(Scraped caption text data)
++++++++++

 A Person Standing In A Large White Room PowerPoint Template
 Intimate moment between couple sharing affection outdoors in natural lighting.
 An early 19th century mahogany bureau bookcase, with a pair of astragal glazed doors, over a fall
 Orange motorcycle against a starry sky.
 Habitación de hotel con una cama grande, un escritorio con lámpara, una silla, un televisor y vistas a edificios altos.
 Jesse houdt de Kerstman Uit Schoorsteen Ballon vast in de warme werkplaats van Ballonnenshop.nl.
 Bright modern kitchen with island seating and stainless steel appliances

++++++++++

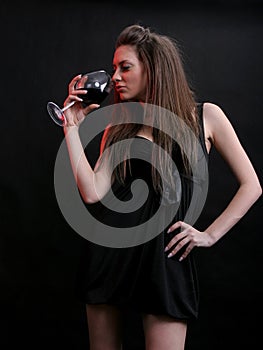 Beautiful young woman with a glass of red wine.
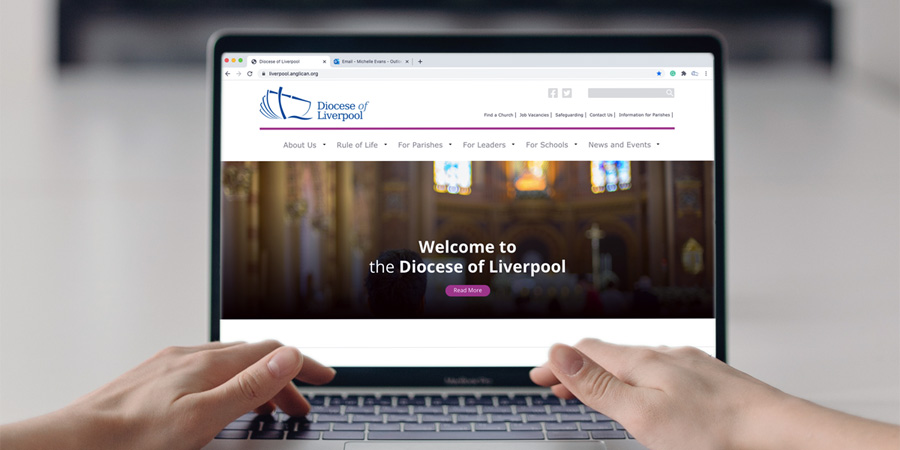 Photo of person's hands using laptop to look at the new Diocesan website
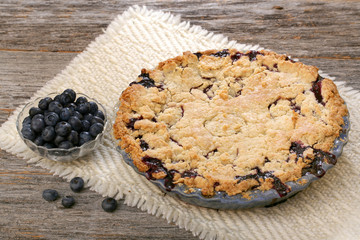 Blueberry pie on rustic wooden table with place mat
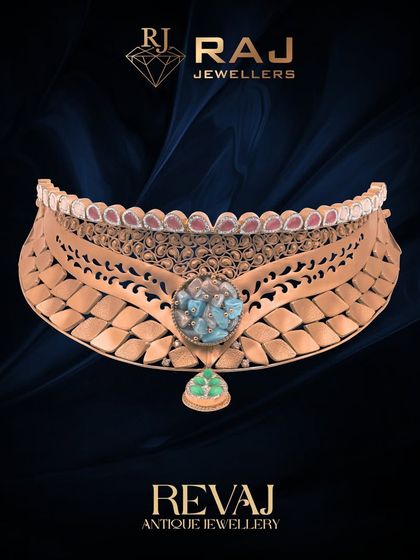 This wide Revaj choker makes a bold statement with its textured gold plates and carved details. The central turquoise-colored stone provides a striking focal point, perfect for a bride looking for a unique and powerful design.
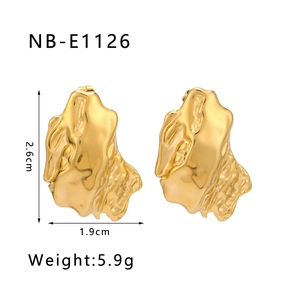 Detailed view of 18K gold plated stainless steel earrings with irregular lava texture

++++++++++

Problem to work on.
After locating "Beautiful young woman" and "This wide Revaj" in the records above, return exactly the line holding each one and every line between them; leave out the pictures.

Response area.
 Beautiful young woman with a glass of red wine.
 Photo of person's hands using laptop to look at the new Diocesan website
 Blueberry pie on rustic wooden table with place mat
 This wide Revaj choker makes a bold statement with its textured gold plates and carved details. The central turquoise-colored stone provides a striking focal point, perfect for a bride looking for a unique and powerful design.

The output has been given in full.